Use `sccace` for caching?

NobodyXu commented 1 year ago

sccache might be able to help speedup CI by caching common dependencies, however there are a few caveats:

Absolute paths to files must match to get a cache hit. This means that even if you are using a shared cache, everyone will have to build at the same absolute path (i.e. not in $HOME) in order to benefit each other. In Rust this includes the source for third party crates which are stored in $HOME/.cargo/registry/cache by default.
Crates that invoke the system linker cannot be cached. This includes bin, dylib, cdylib, and proc-macro crates. You may be able to improve compilation time of large bin crates by converting them to a lib create with a thin bin wrapper.

I am particularly worried about the first limitation, since requiring absolute paths to file might exclude our use case.

I think the second limitation is ok since most crates have a lot of lib dependencies to be cached.

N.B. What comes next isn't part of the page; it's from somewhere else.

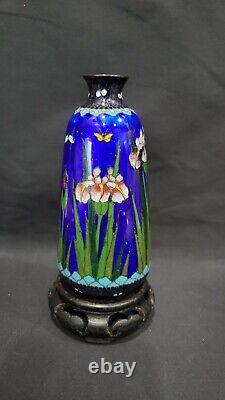 Fine Antique Japanese Meiji Small Cloisonne Vase with Iris Flower, 4 7/8 Tall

NobodyXu commented 1 year ago

Perhaps we should perform an experiment first to see if sccache if actually effective in our use case.

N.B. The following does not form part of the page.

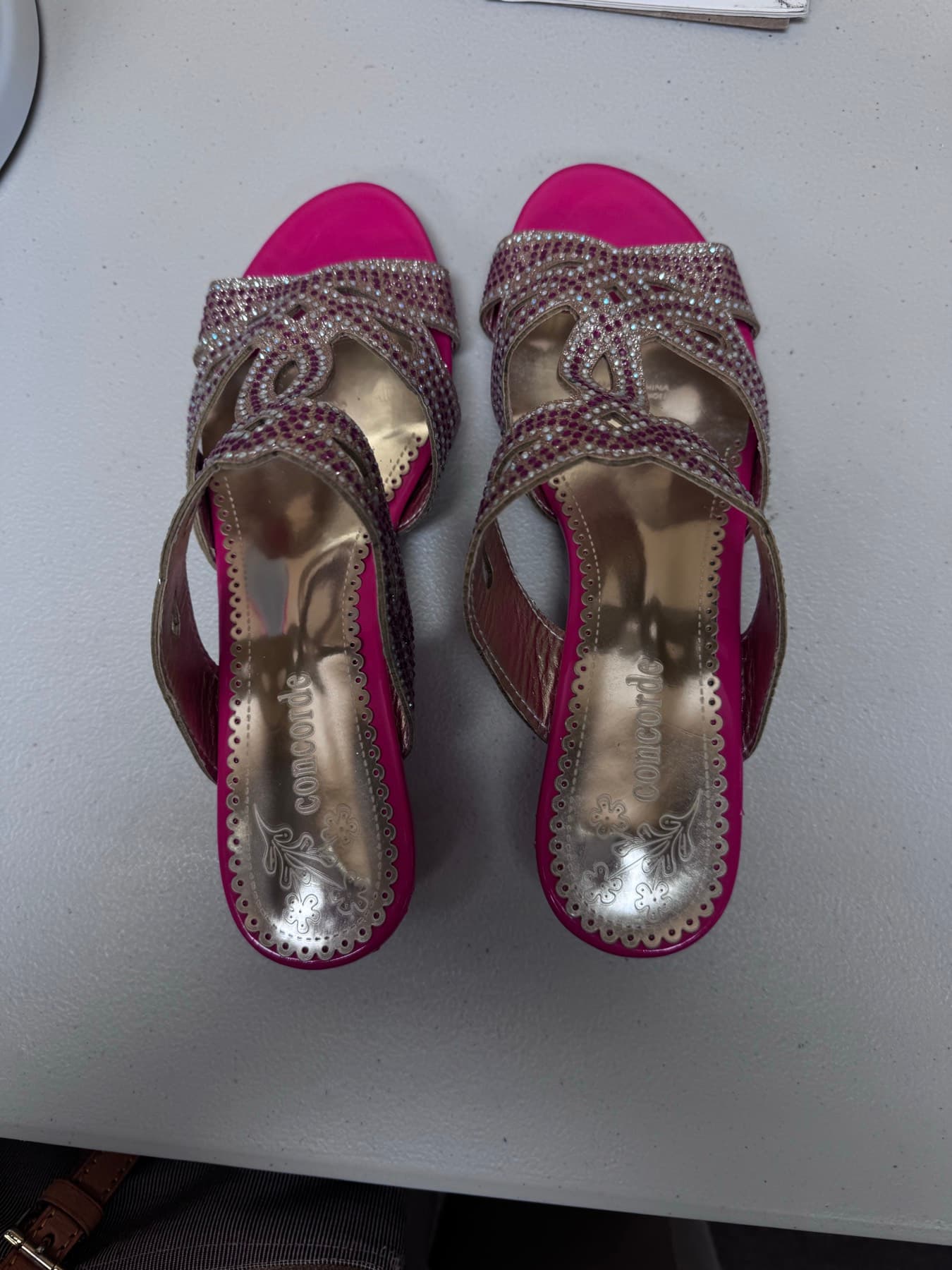 예쁜 반짝이 구두 - 1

alsuren commented 1 year ago

I don't think it's possible to use sccache in a way that is compatible with our trust model. See security and trust here: http://alsuren.github.io/2022/07/10/cargo-quickinstall.html

cargo-quickinstall does not trust the author of any package on crates.io. As soon as we have run the crate’s build.rs or any proc macros, we must treat the build box as compromised.

(and the few paragraphs above that. It is the user who decides which package to trust by what they ask for on the command-line)

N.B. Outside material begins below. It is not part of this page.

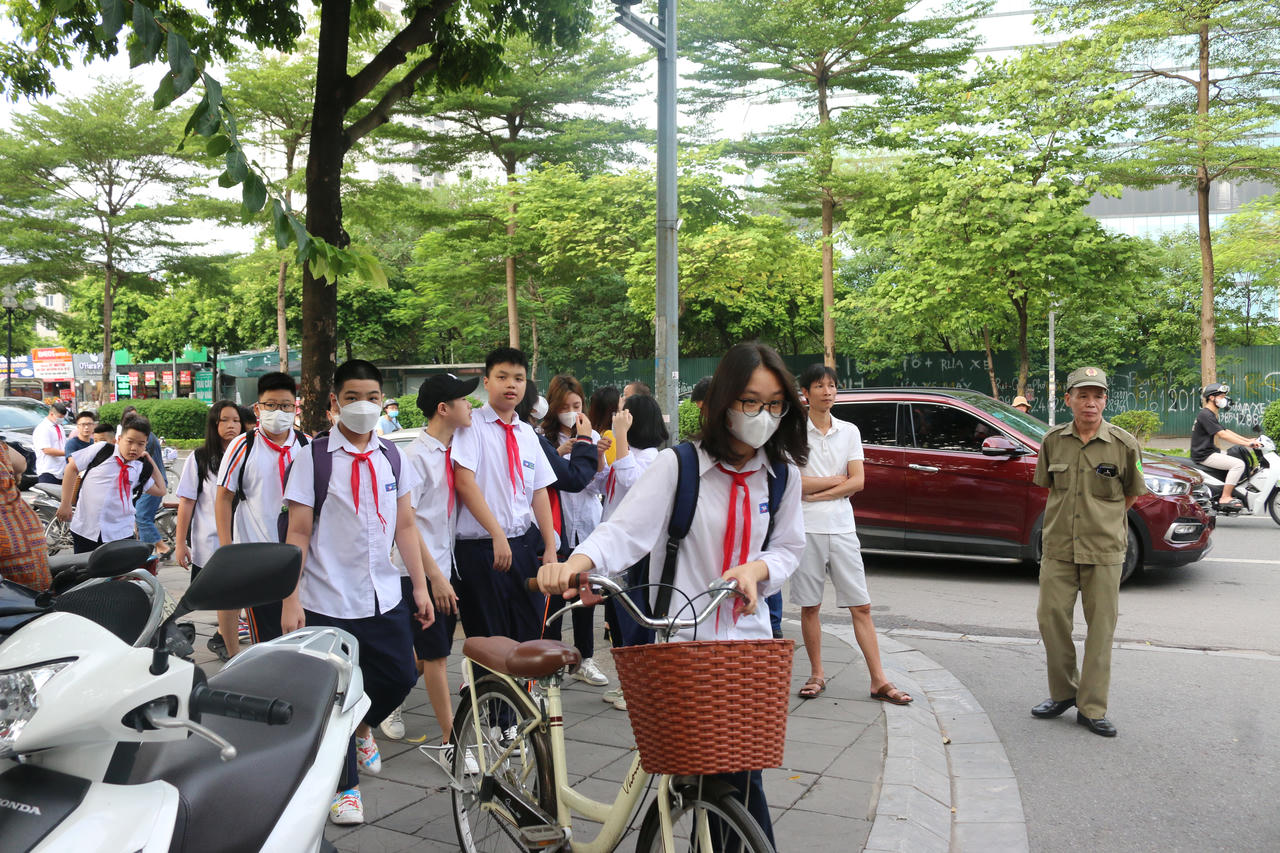 Học sinh Hà Nội phấn khởi, rạng rỡ trong Ngày hội đến trường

This means that we can't really upload any build artifacts to any kind of shared cache.

In theory we could have a separate cache for each package, to isolate things. This is likely to be huge though, and only useful for each package ~once per month when upstream does a release.

The architecture of cargo-quickbuild was designed to get around this trust problem. Unfortunately I never got it to work with proc macro creates before I ran out of time and gave up.

It may be that sccache has a way to build untrusted packages safely these days and I don't know about it. If so, it is worth investigating.

NobodyXu commented 1 year ago

I guess the best way to fix this is to add sandboxing mechanism to rustc itself by running the build.rs and proc macro in the sandbox.

NobodyXu commented 1 year ago

@alsuren One possible off-topic question: What if a malicious crate use the build.rs to steal our GHA token and use that to replace all binaries on the github release?

alsuren commented 1 year ago

@alsuren One possible off-topic question: What if a malicious crate use the build.rs to steal our GHA token and use that to replace all binaries on the github release?

It's an excellent question.

After merging https://github.com/cargo-bins/cargo-quickinstall/pull/86 the runner that does the building only has access to a token with permissions: {}.

NobodyXu commented 1 year ago

After merging https://github.com/cargo-bins/cargo-quickinstall/pull/86 the runner that does the building only has access to a token with permissions: {}.

That's good to hear!

But still I think we should at least use env -i to explicitly specify the environments, plus we could use firejail on linux to sandbox the compilation process, similar to docker or podman.

If it is possible to build mac and windows with zig-cc, then we can run the compilation entirely on Linux (the fastest CI from my experience) then use firejail or podman for sandboxing.

Additionally, we can use something like firecracker from Amazon, a docker-like container engine but uses kvm tech to reduce attack surface and is written in rust.

Or we can use gVisor, similar tech developed by Google but in Go...

NobodyXu commented 1 year ago

@alsuren I posted this idea on internals.rust-lang.org

Not very polished and maybe even too naive, but still I think it's one of the solutions worth discussing.

NobodyXu commented 1 year ago

@alsuren I've investigated firecracker and runsc again and I found two issues with regarding to deploying them on GHA.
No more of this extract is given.